## Data for analysis
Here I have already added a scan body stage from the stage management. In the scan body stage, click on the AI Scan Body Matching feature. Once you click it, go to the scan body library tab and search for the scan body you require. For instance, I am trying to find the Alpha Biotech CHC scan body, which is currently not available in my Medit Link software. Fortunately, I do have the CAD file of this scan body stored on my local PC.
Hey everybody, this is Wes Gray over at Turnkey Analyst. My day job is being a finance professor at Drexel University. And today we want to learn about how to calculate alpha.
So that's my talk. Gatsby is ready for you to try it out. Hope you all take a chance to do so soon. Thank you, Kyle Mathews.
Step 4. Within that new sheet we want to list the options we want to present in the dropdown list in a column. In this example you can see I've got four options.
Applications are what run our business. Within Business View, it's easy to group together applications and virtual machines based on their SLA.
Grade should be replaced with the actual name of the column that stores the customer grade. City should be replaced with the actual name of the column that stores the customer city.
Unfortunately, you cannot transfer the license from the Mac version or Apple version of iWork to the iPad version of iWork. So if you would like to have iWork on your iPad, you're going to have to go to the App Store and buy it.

---

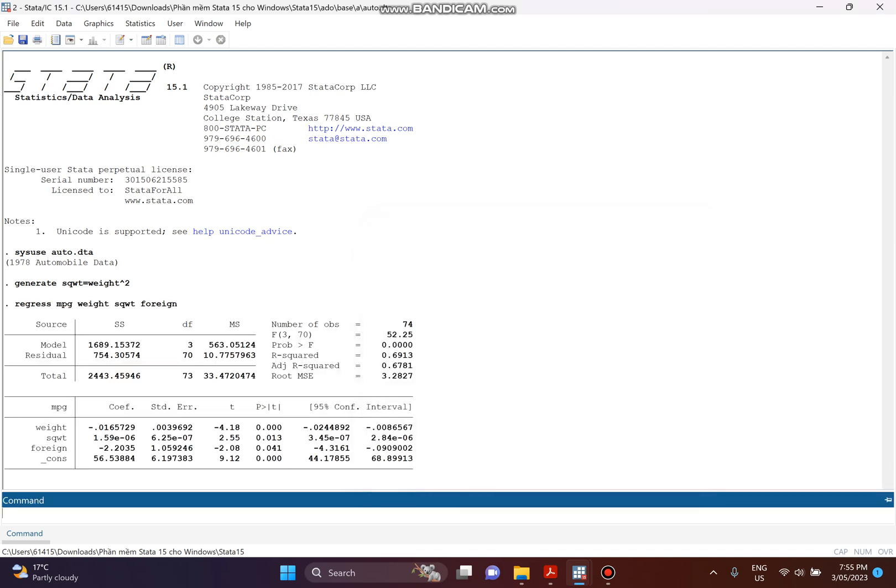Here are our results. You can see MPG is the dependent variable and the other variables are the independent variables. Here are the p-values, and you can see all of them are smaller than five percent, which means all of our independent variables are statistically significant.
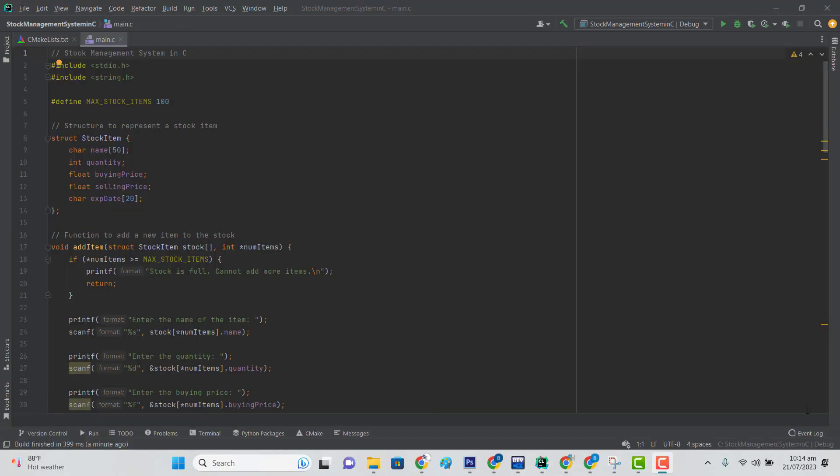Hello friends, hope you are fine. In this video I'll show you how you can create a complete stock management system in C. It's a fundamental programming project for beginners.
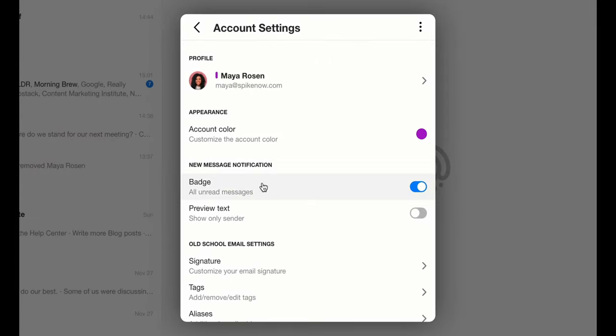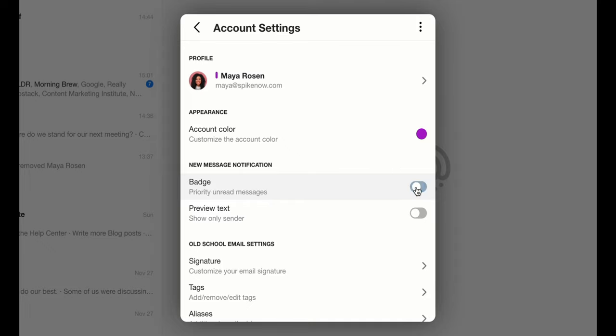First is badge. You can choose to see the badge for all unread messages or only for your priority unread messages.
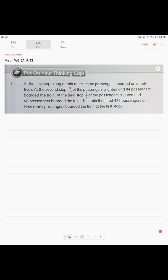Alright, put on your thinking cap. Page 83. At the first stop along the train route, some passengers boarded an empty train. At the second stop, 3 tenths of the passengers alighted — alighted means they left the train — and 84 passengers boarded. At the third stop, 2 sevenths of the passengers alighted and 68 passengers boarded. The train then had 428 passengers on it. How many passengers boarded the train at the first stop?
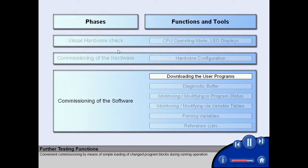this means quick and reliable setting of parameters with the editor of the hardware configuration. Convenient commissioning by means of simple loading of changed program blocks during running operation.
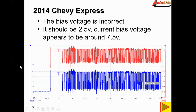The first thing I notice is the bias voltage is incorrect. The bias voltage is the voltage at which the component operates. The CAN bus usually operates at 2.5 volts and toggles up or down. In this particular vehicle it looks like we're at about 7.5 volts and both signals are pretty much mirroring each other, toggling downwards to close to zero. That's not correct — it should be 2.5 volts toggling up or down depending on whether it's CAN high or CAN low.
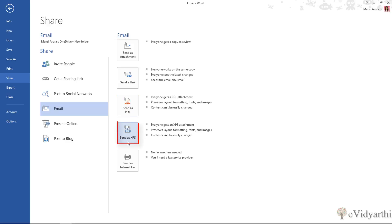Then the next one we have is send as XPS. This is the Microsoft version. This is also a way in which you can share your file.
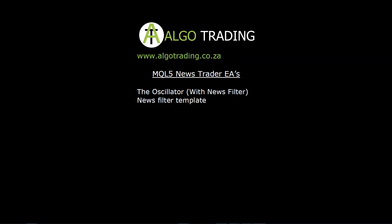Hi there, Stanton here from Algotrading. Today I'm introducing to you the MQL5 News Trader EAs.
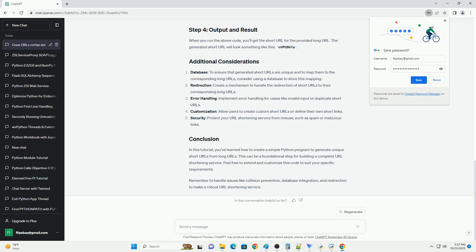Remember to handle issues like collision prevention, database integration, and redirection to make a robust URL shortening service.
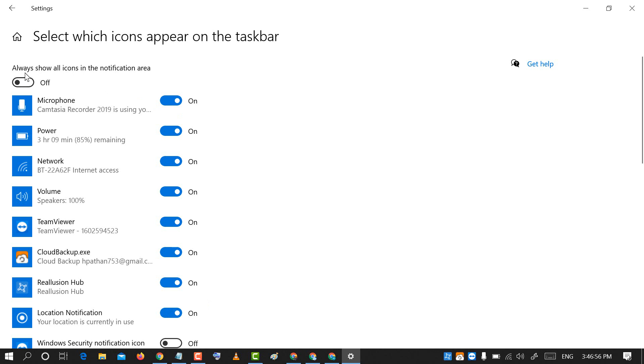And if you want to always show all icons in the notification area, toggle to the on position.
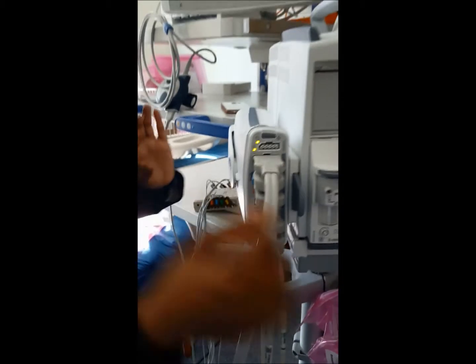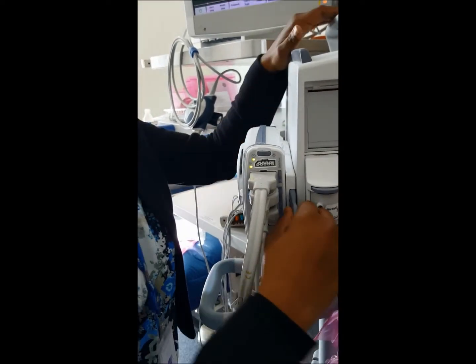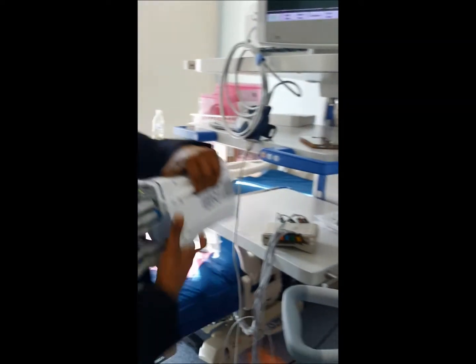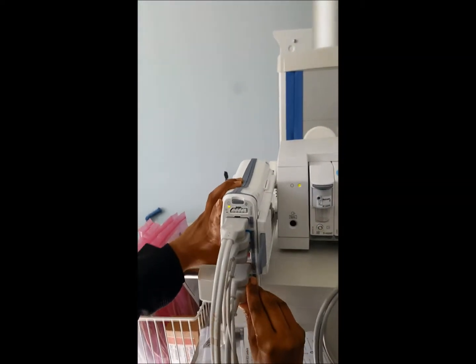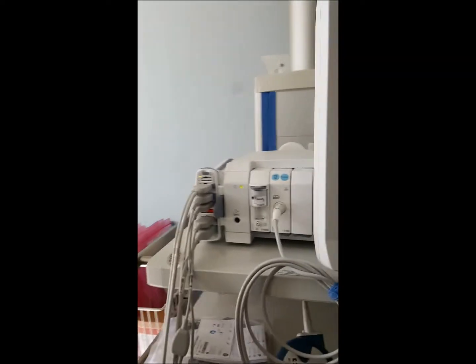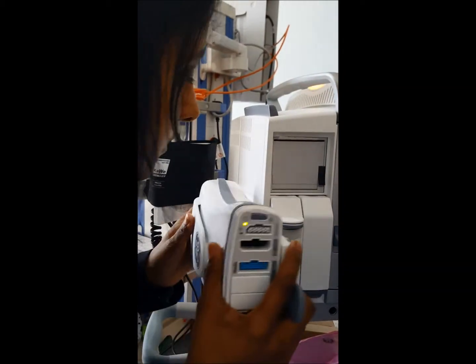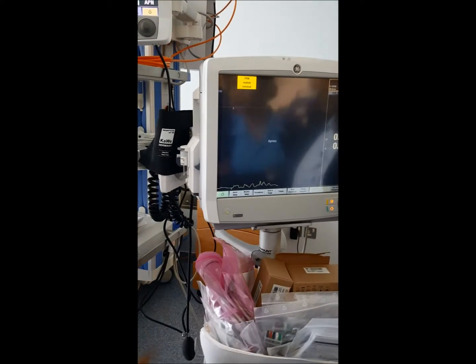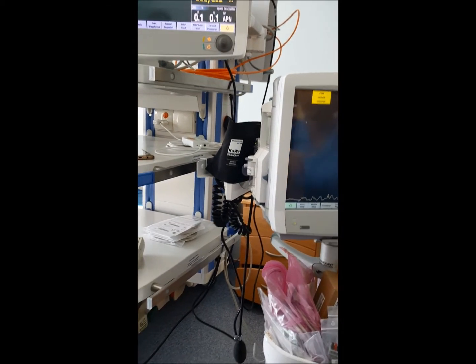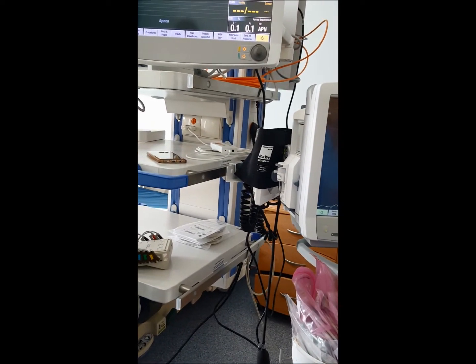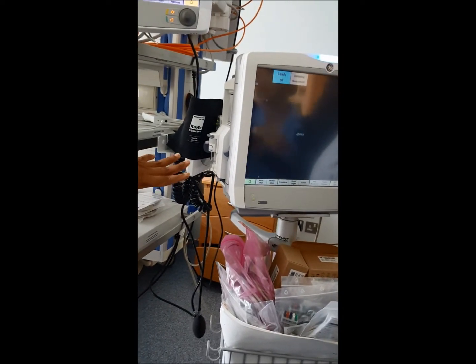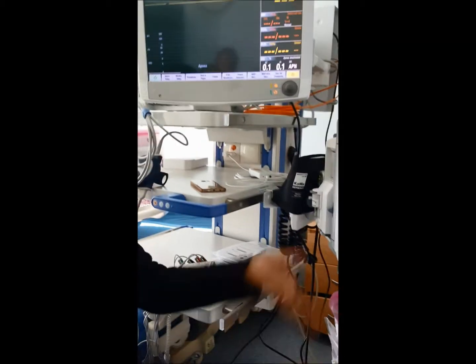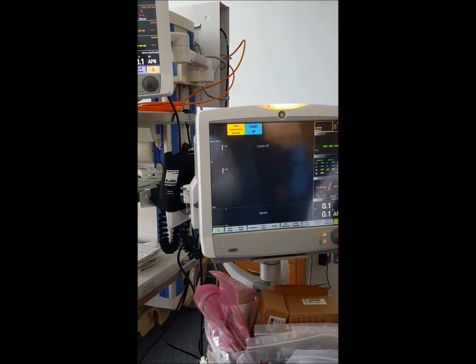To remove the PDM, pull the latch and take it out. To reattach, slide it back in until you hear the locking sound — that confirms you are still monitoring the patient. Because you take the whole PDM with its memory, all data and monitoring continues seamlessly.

---

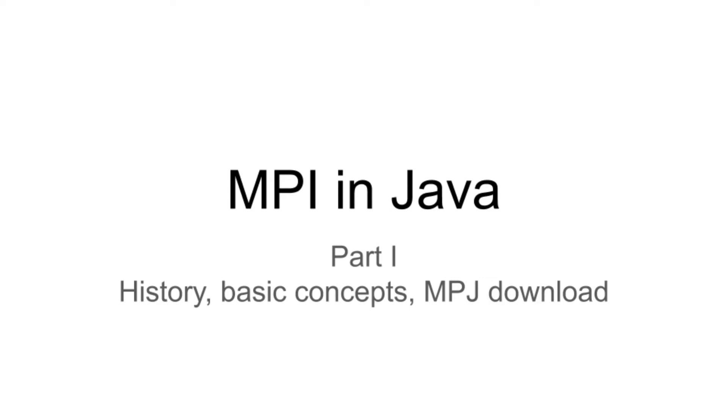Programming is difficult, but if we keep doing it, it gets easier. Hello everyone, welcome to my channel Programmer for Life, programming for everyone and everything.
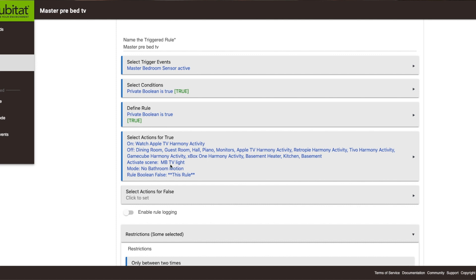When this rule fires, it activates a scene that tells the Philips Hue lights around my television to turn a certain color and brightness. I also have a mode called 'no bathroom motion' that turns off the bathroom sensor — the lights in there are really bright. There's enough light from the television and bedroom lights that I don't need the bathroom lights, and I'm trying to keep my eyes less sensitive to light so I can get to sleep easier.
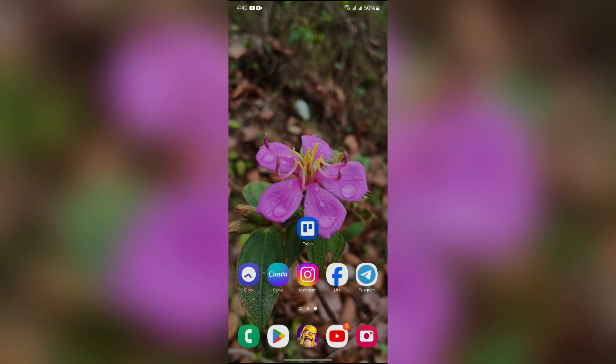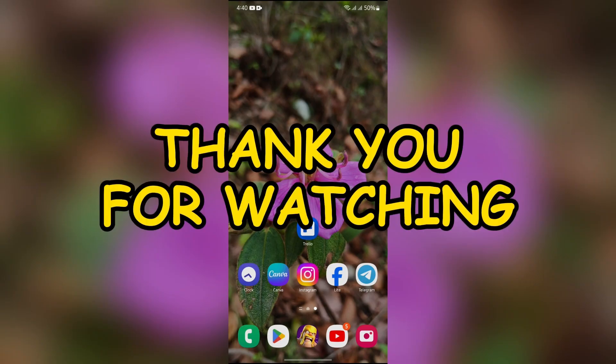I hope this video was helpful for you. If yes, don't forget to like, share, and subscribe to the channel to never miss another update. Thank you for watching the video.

## Aim of the task
Transcribe, exactly and without additions, the lines of the records above, beginning with the line that contains "Here I have" and ending with the line that contains "Unfortunately, you cannot", both included.

## Reply
Here I have already added a scan body stage from the stage management. In the scan body stage, click on the AI Scan Body Matching feature. Once you click it, go to the scan body library tab and search for the scan body you require. For instance, I am trying to find the Alpha Biotech CHC scan body, which is currently not available in my Medit Link software. Fortunately, I do have the CAD file of this scan body stored on my local PC.
Hey everybody, this is Wes Gray over at Turnkey Analyst. My day job is being a finance professor at Drexel University. And today we want to learn about how to calculate alpha.
So that's my talk. Gatsby is ready for you to try it out. Hope you all take a chance to do so soon. Thank you, Kyle Mathews.
Step 4. Within that new sheet we want to list the options we want to present in the dropdown list in a column. In this example you can see I've got four options.
Applications are what run our business. Within Business View, it's easy to group together applications and virtual machines based on their SLA.
Grade should be replaced with the actual name of the column that stores the customer grade. City should be replaced with the actual name of the column that stores the customer city.
Unfortunately, you cannot transfer the license from the Mac version or Apple version of iWork to the iPad version of iWork. So if you would like to have iWork on your iPad, you're going to have to go to the App Store and buy it.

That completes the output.